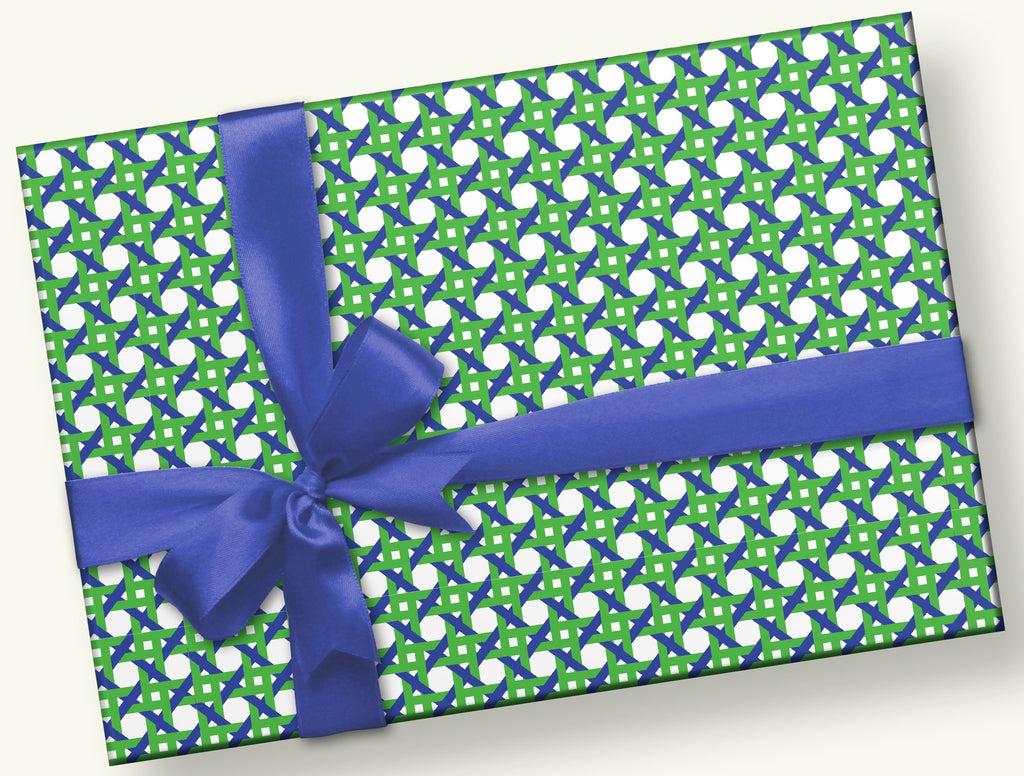 This is a rectangular gift with a navy blue satin bow.  The gift wrap pattern  is a hand designed caning pattern with intricate geometric designs in shades of blue and green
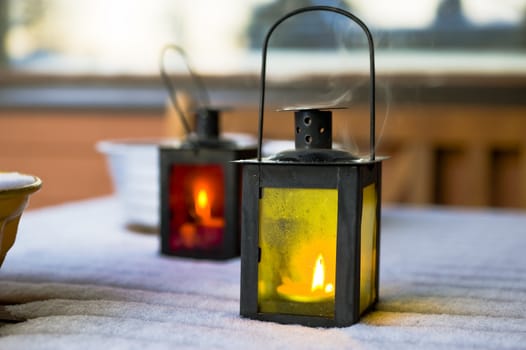 Two candle lanterns inthe winter time taken as macro 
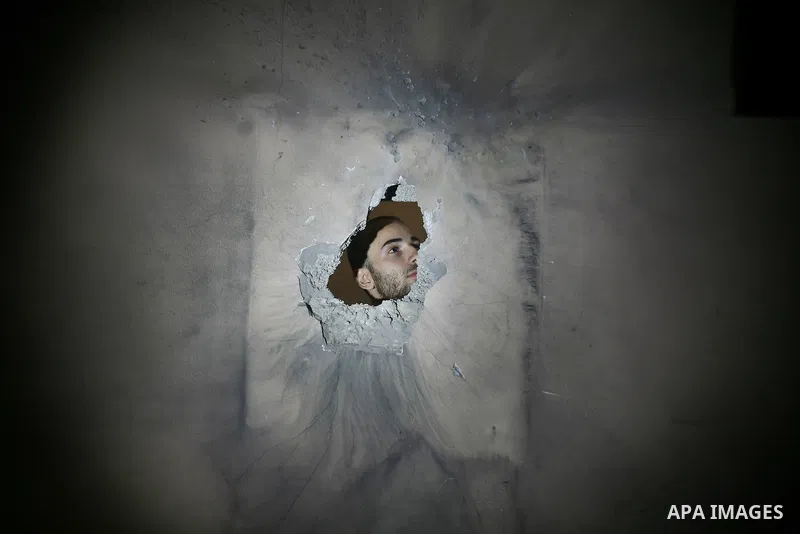A Palestinian man inspects a destroyed house after an Israeli missile strike in Al-Nussirat Refugee Camp in central Gaza Strip, 03 June 2012. According to news reports, seven Palestinians were wounded in a series of Isra...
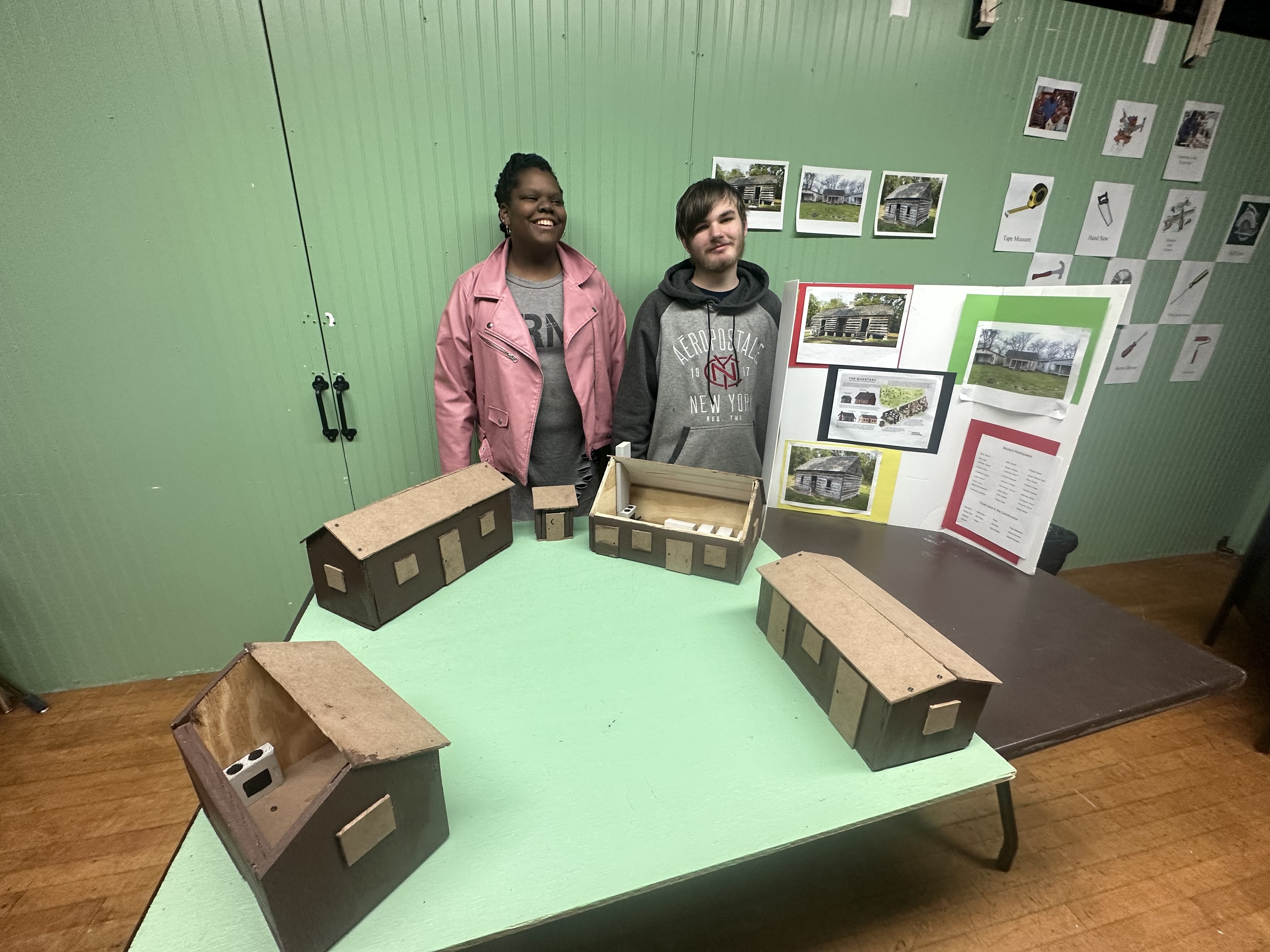 Two students pose behind the wooden model project they made. The project is wooden houses representing houses which slaves lived in. Their tri-fold poster board with information on it is to the side of them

> **What you are asked to do**: Without the pictures, write out the whole listing above exactly as it appears.

> **Response box**:
 This is a rectangular gift with a navy blue satin bow.  The gift wrap pattern  is a hand designed caning pattern with intricate geometric designs in shades of blue and green
 Two candle lanterns inthe winter time taken as macro 
A Palestinian man inspects a destroyed house after an Israeli missile strike in Al-Nussirat Refugee Camp in central Gaza Strip, 03 June 2012. According to news reports, seven Palestinians were wounded in a series of Isra...
 Two students pose behind the wooden model project they made. The project is wooden houses representing houses which slaves lived in. Their tri-fold poster board with information on it is to the side of them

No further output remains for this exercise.